Aim of the exercise: The records underneath are to be printed in full and exactly, with no pictures carried over.

+++++

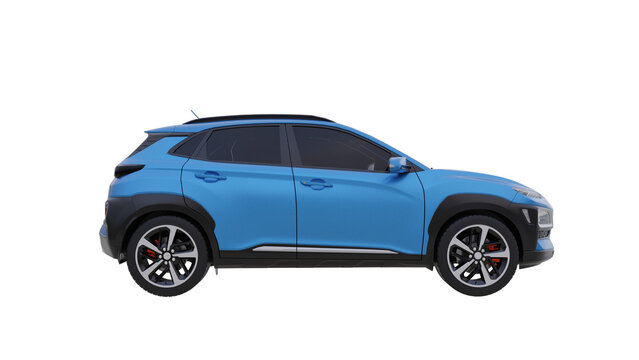 light blue Hyundai Kona front view, 3d rendering of PNG transparent car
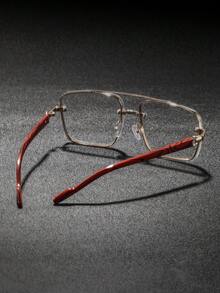 1 Pair Men's Double-Beam Large Square Frame Wood Grain Non-Prescription Glasses Glasses, Personalized Rugged Retro American Style Fashion Eyewear, Suitable For Commuting, Party, Gathering, Street Photography, Daily Casual Wear - Clear - View 5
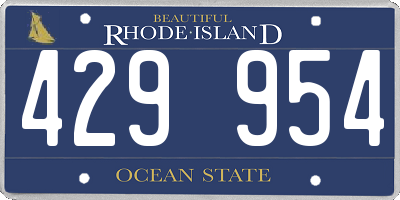 RI license plate 429954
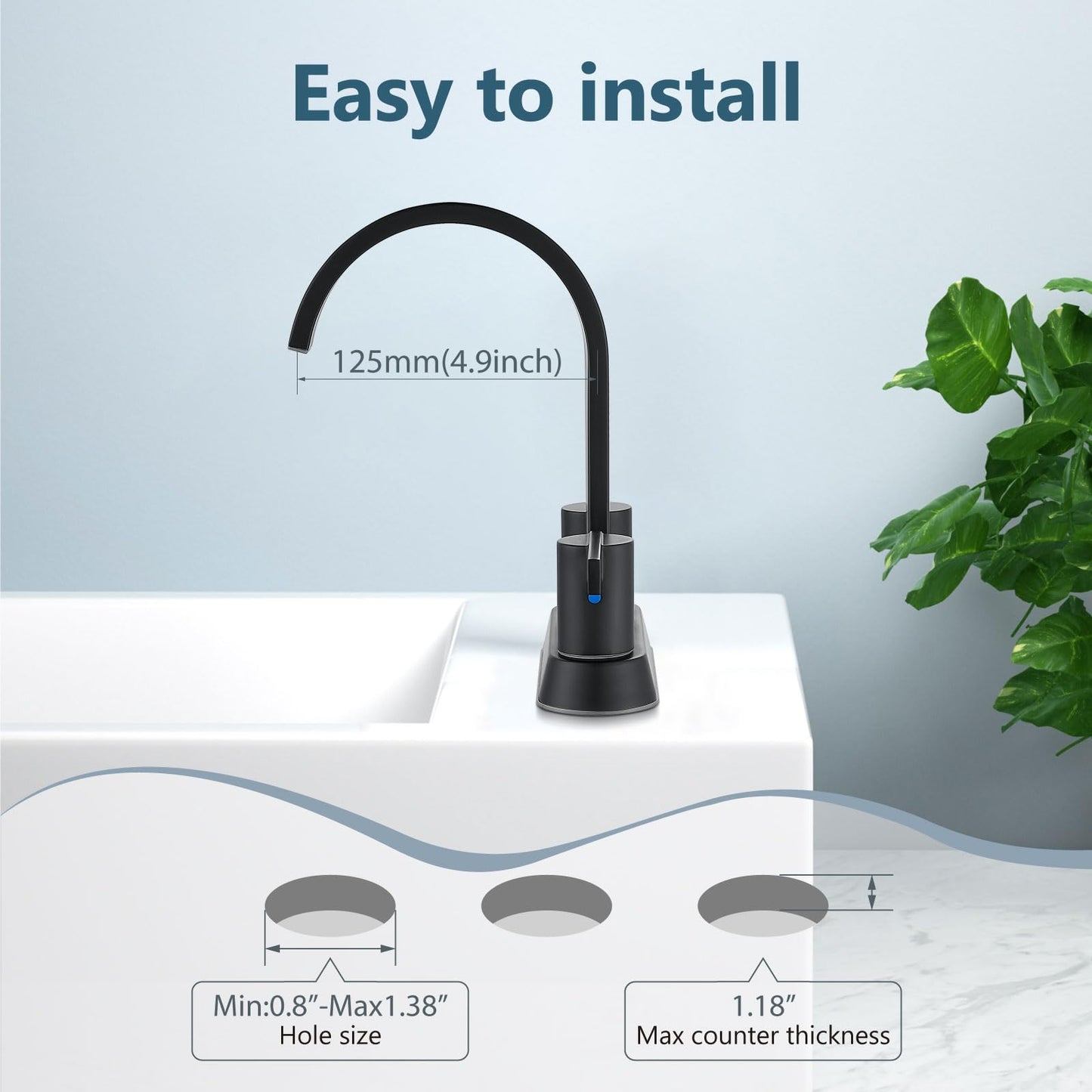 Aolemi Bathroom Faucets for Sink 3 Hole,4 Inch Centerset Waterfall Faucet 2 Handle for Bathroom Sink with Pop-Up Drain and Supply Lines Matte Black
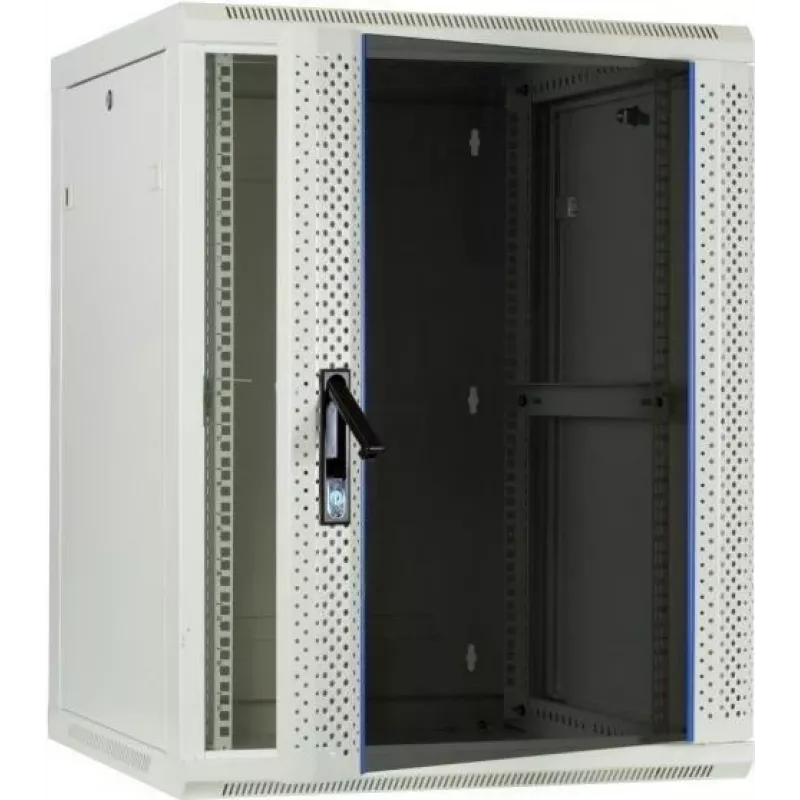 Armário de servidor de montagem na parede DSIT 18U com porta de vidro, 600x600x900 mm, branco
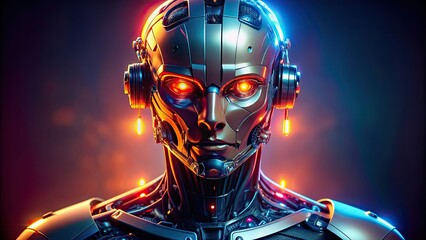 Poster - Close-up shot of a futuristic robot's head with glowing lights, futuristic, robot, head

+++++

Output:
 light blue Hyundai Kona front view, 3d rendering of PNG transparent car
 1 Pair Men's Double-Beam Large Square Frame Wood Grain Non-Prescription Glasses Glasses, Personalized Rugged Retro American Style Fashion Eyewear, Suitable For Commuting, Party, Gathering, Street Photography, Daily Casual Wear - Clear - View 5
 RI license plate 429954
 Aolemi Bathroom Faucets for Sink 3 Hole,4 Inch Centerset Waterfall Faucet 2 Handle for Bathroom Sink with Pop-Up Drain and Supply Lines Matte Black
 Armário de servidor de montagem na parede DSIT 18U com porta de vidro, 600x600x900 mm, branco
 Poster - Close-up shot of a futuristic robot's head with glowing lights, futuristic, robot, head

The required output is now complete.